The fibers drawn from the orifices of a bushing are gathered, after they solidify, into one or more strands, which are then collected on a collet to produce one or more forming packages. In recent years, bushings have increased in size so that bushing having 800 to 2,000 or more orifices are commonplace. It is also common practice to produce more than one strand from larger bushings, and to wind those strands on a single collet to produce corresponding forming packages. Typically, this is accomplished by using one side of a bushing to produce one strand, and the other side to produce a similar second strand. Splitting the bushing in this manner, to produce more than one strand, requires precise control of the bushing temperature from side to side, so that the strands so produced and collected on a collet will have the same yardage, that is, the same number of yards per pound of glass in a formed package, collected over a given period of time. Even small variations in temperature between the two sides of a split bushing will produce substantial differences in the fibers produced at the orifices, and this will be evidenced by a substantial variation in the weights of the forming packages produced by the respective strands.
In recognition of the foregoing problem, various attempts have been made to compensate for such differences, for example, by adjusting air flow to the bushing, adjusting fin cooler placement under the bushing orifices, adjusting terminal clamp positions on the bushing, and the like. Adjustments of the bushing structure are, at best, a function of operator skill, and fall short of being satisfactory, since such changes are manual, time consuming, and imprecise. An improvement over such mechanical adjustments is the system shown in U.S. Pat. No. 4,024,336, which describes a system which controls two sides of a bushing by using two full-wave variable impedance devices to regulate current transmitted to the bushing by a power transformer. Although this device permits the relative yardage of two strands produced from a split bushing to be manipulated, the device has not always been effective because, as a change on one side of the bushing occurs, it is always accompanied by a change on the other side. Further, the system described in this patent requires the use of a temperature controller on each side of the bushing, as well as two full-wave variable impedance devices, and, thus, is a costly system on a per-bushing basis.

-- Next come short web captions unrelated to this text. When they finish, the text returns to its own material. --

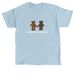 Kesem Love and Magic, a Light Blue Classic Unisex Tee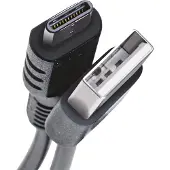 Carpoint Datakabel USB-C 1 meter zwart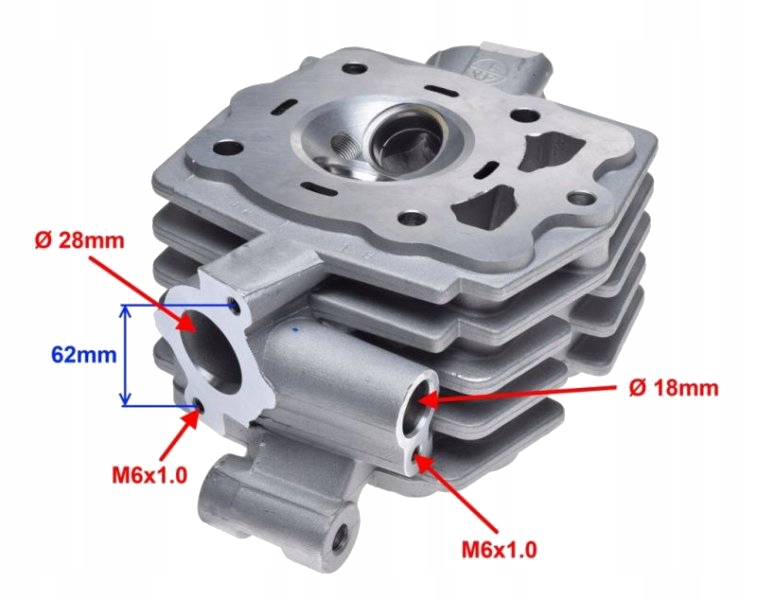 CIGATG2004TMPICBAS000B21 - Голова клапаны квадроцикл ATV Башан Орел BS-200cc вода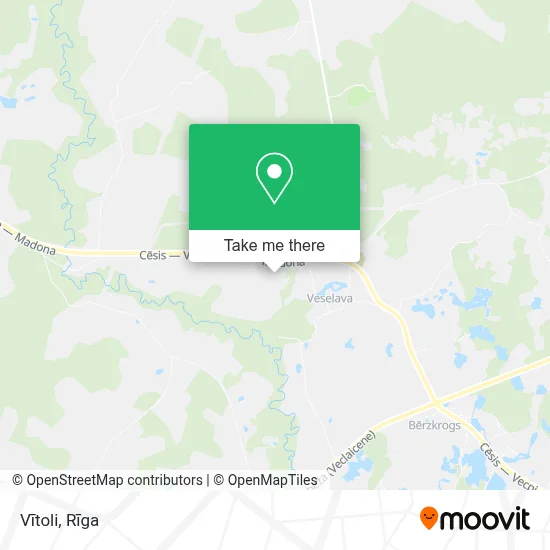 Vītoli map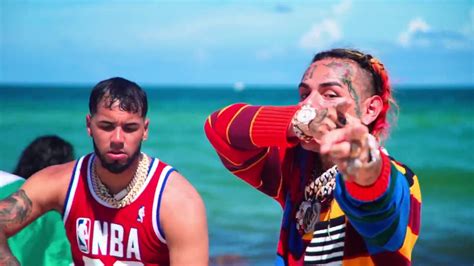 Bebe 6ix9ine Ft Anuel Aa Prod By Ronny J Official Music Video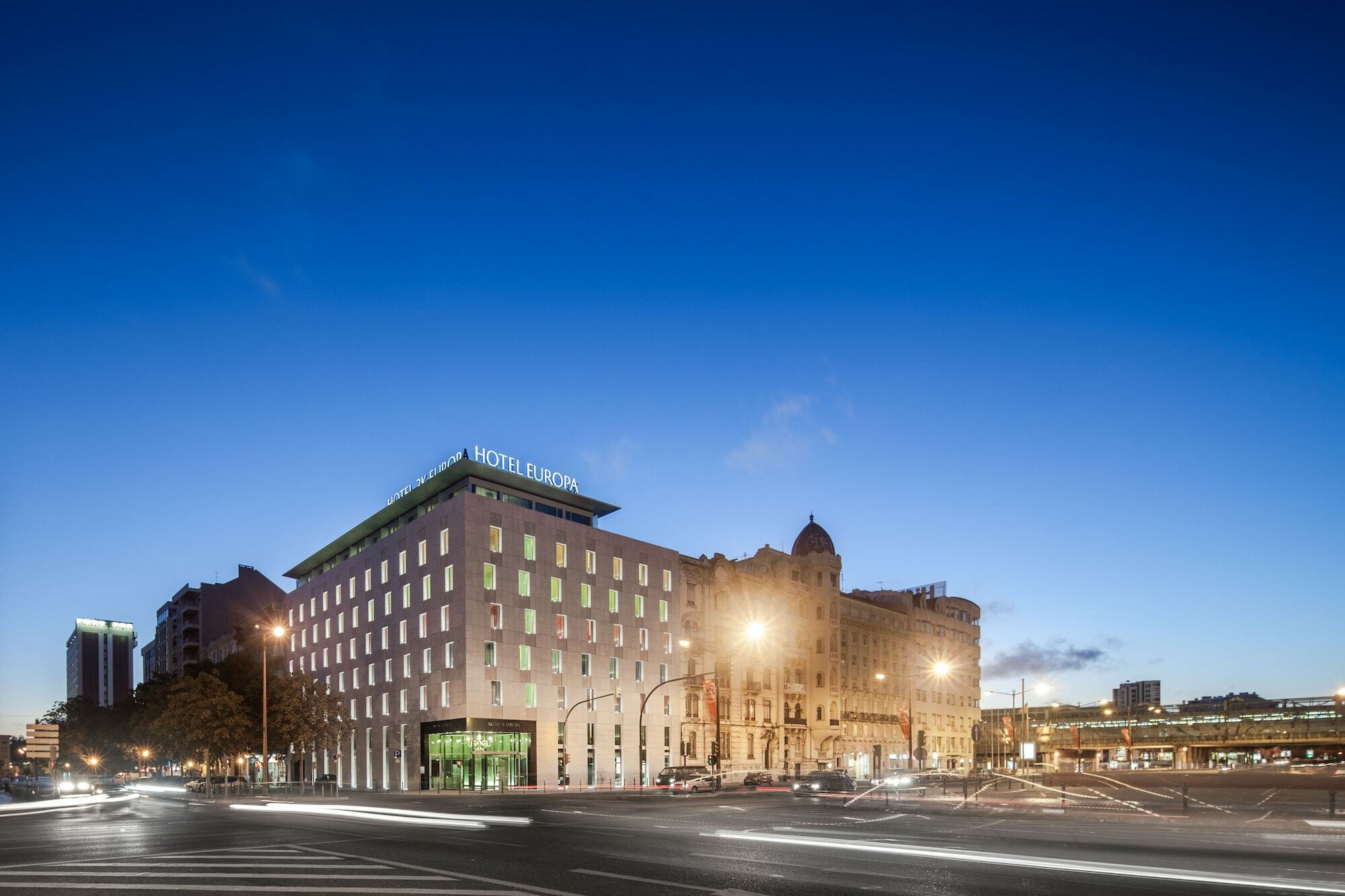 Hotel 3K Europa Lisboa Екстериор снимка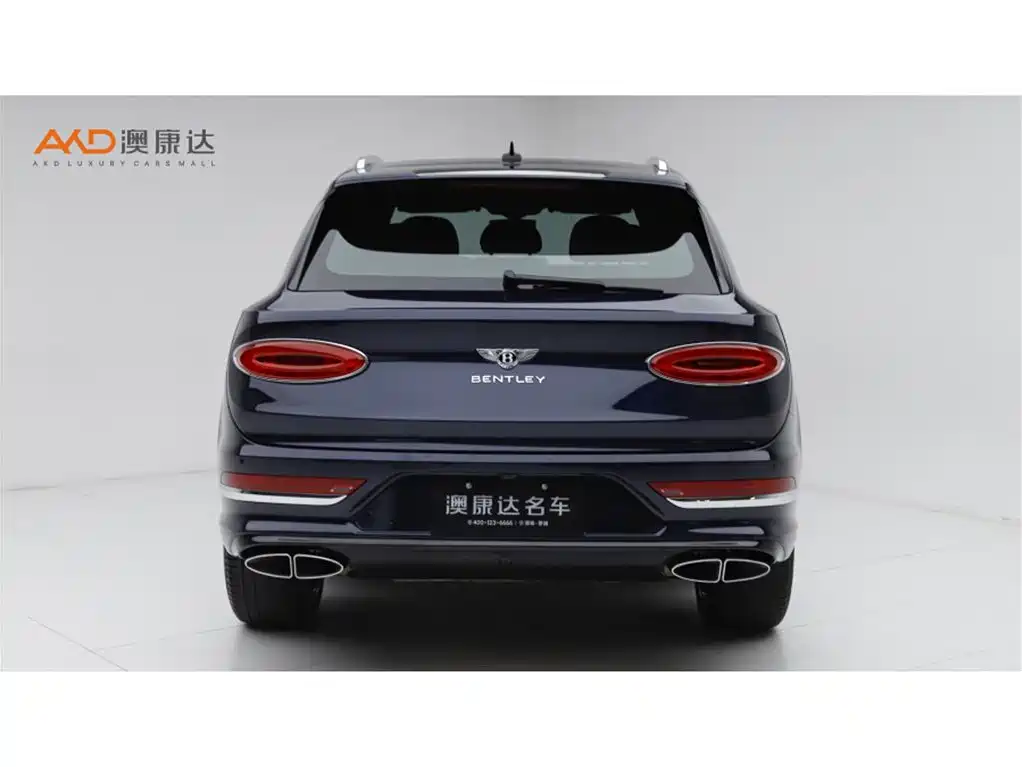 Bentayga 4.0 T V8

In U.S. Pat. No. 4,546,458 and assigned to assignee of the present application, the disclosure of which is hereby incorporated herein, a bushing controller is described in which a variable impedance shunt is connected in parallel with the bushing and with the secondary of the power transformer which feeds current to the bushing. The variable impedance is provided by a potentiometer consisting of a resistance element having a wiper arm, or tap. The resistance element is connected across the ends of the bushing, and the tap is connected to a center point on the bushing, so that movement of the tap alters the impedance connected across the two halves of the bushing.
While the system described in U.S. Pat. No. 4,546,485, effectively controls the current in the bushing from side to side, that system has been found to be unreliable, since it requires periodic mechanical adjustment of a moveable tap which is normally located close to the bushing, and is subject to contamination by the moist environment and the chemical binders normally present in a glass fiber-forming area. Further, the mechanical adjustment of a potentiometer tap lacks precision, and, thus, does not provide totally satisfactory control.

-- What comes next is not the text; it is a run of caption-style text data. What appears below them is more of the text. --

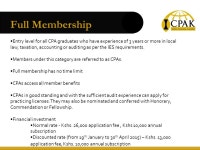 Credibility.Professionalism. AccountAbility Towards Becoming a CPA. -  ppt download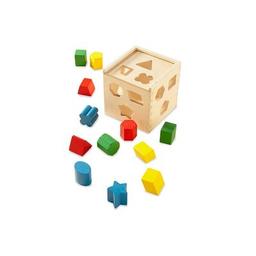 Развивающая игрушка Melissa&Doug Сортировочный куб (MD575)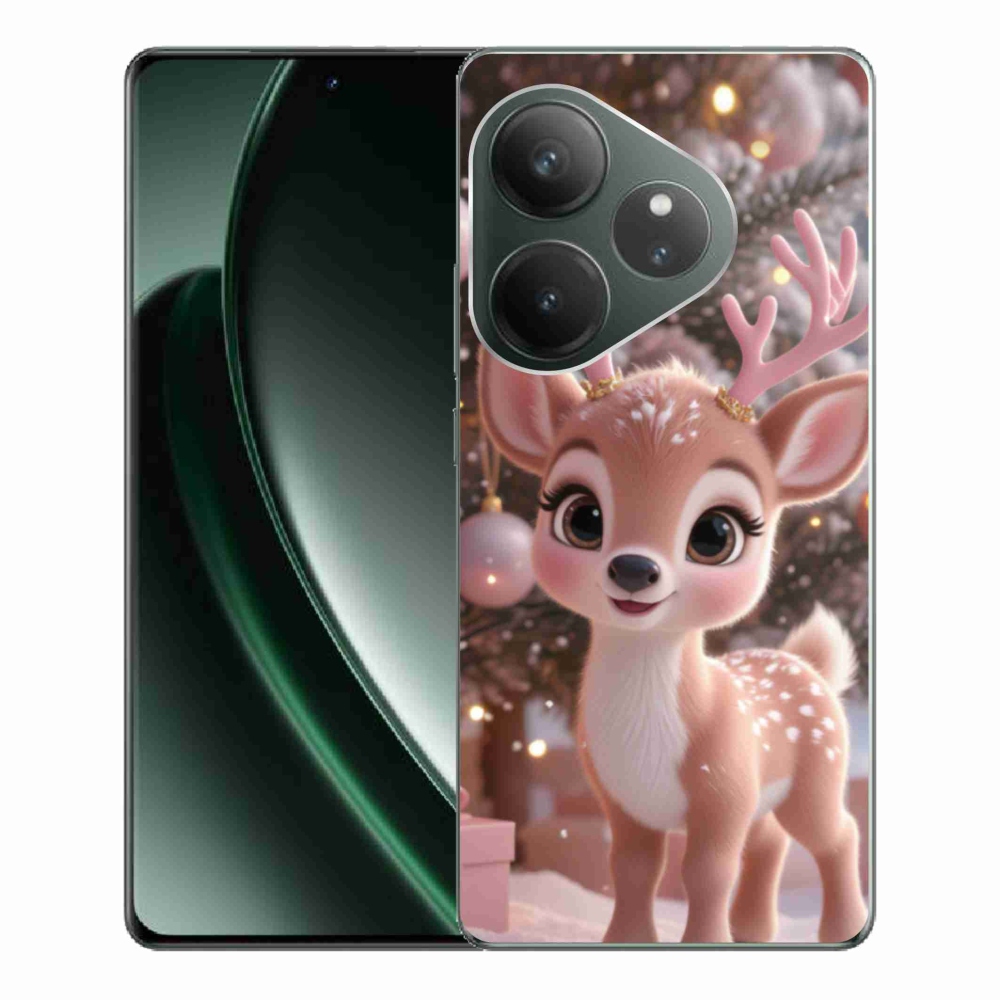 Gélový kryt mmCase na Realme GT 6 5G/GT 6T 5G - roztomilý sob
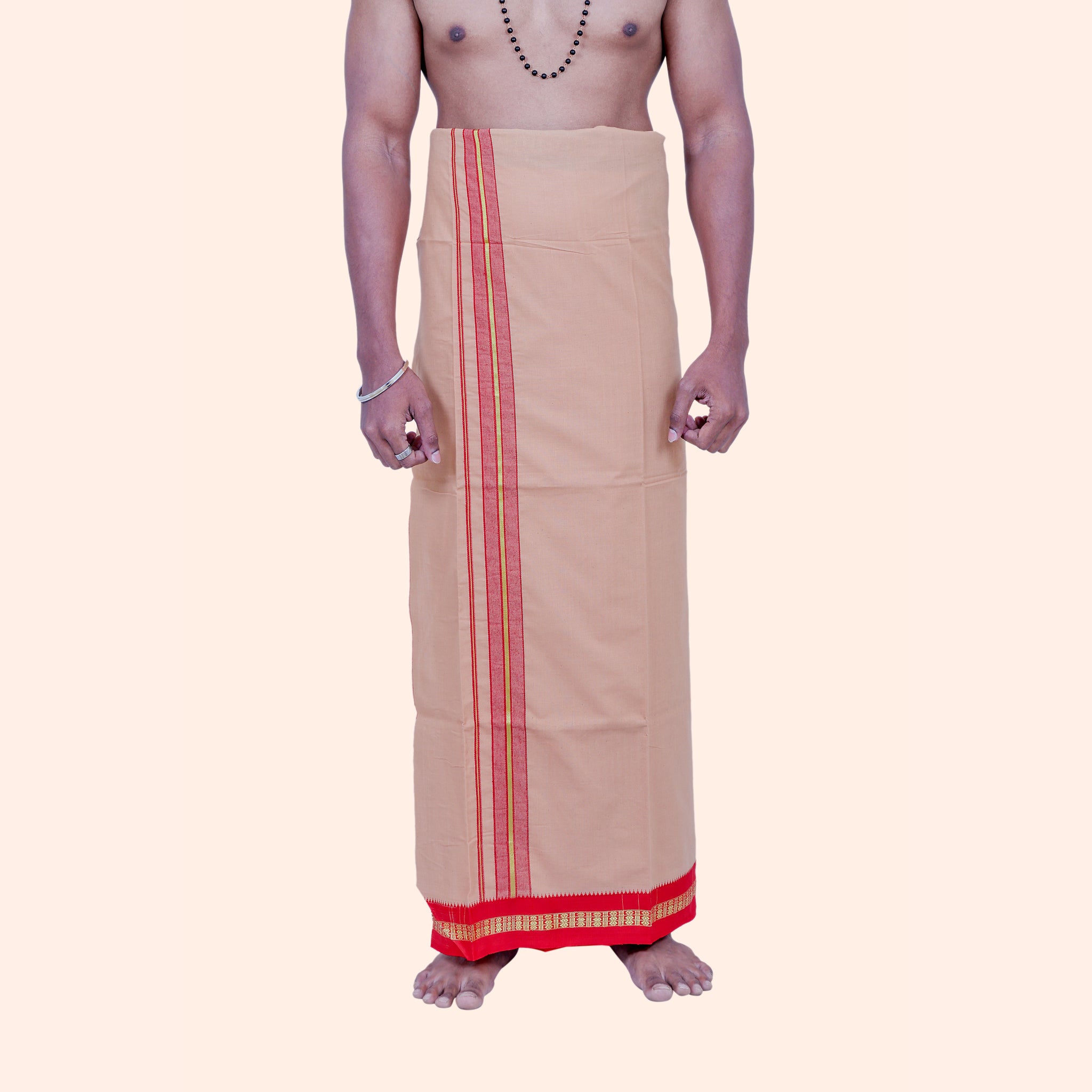 Ruby Dhoti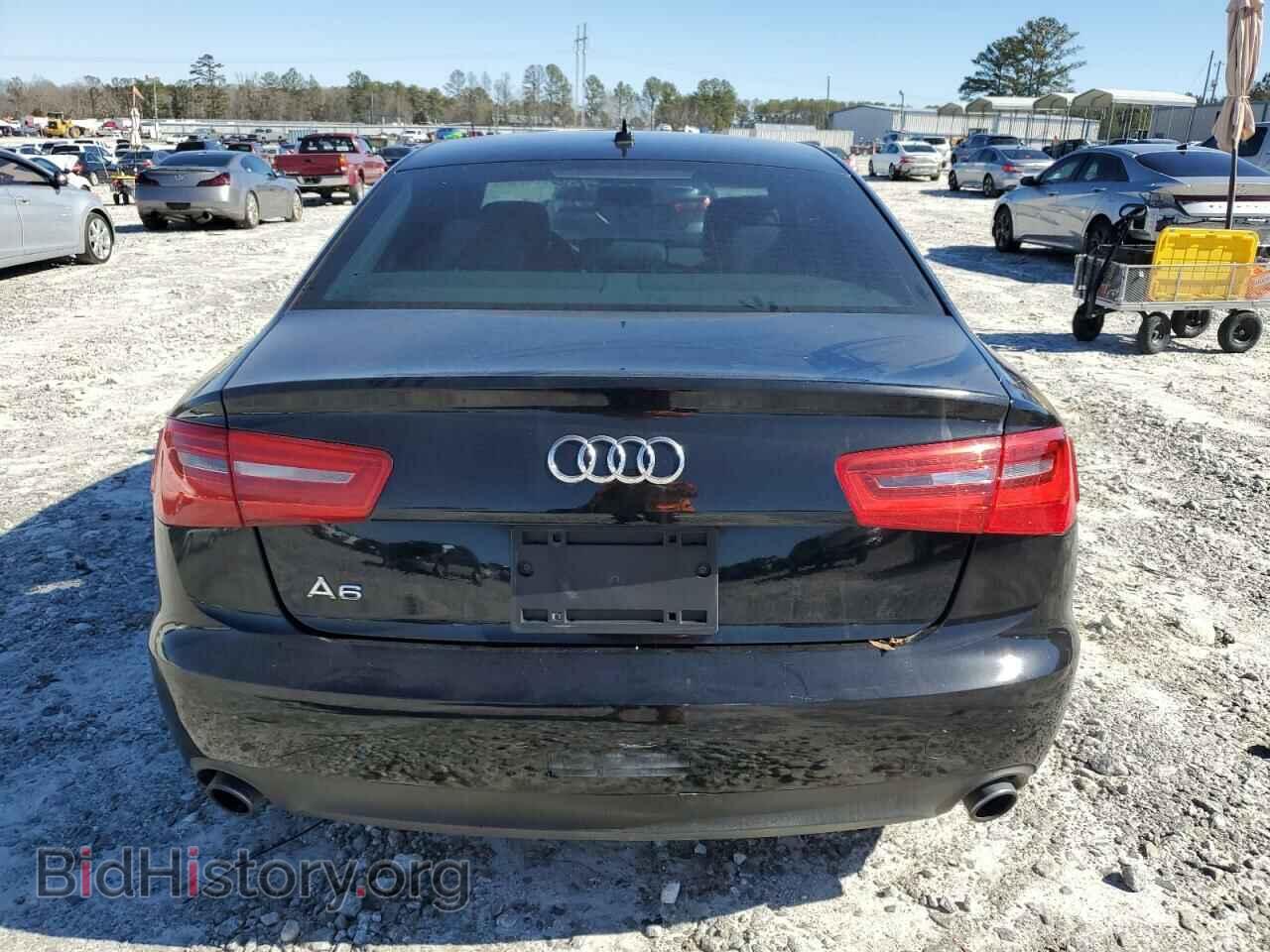 2013 AUDI A6 - VIN: WAUCFAFC5DN075933 - Photo 6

Accordingly, a need exists for a system which will produce a precise and reliable control of the temperature of the forming surface and of the orifices in a fiber glass bushing to enable such a bushing to produce consistent fibers throughout the bushing. Further, a need exists to provide a control system which remains free of contaminants for long-term reliability, and which can be controlled from an area remote from the fiber-forming area, so that numerous bushings can be regulated from a central location.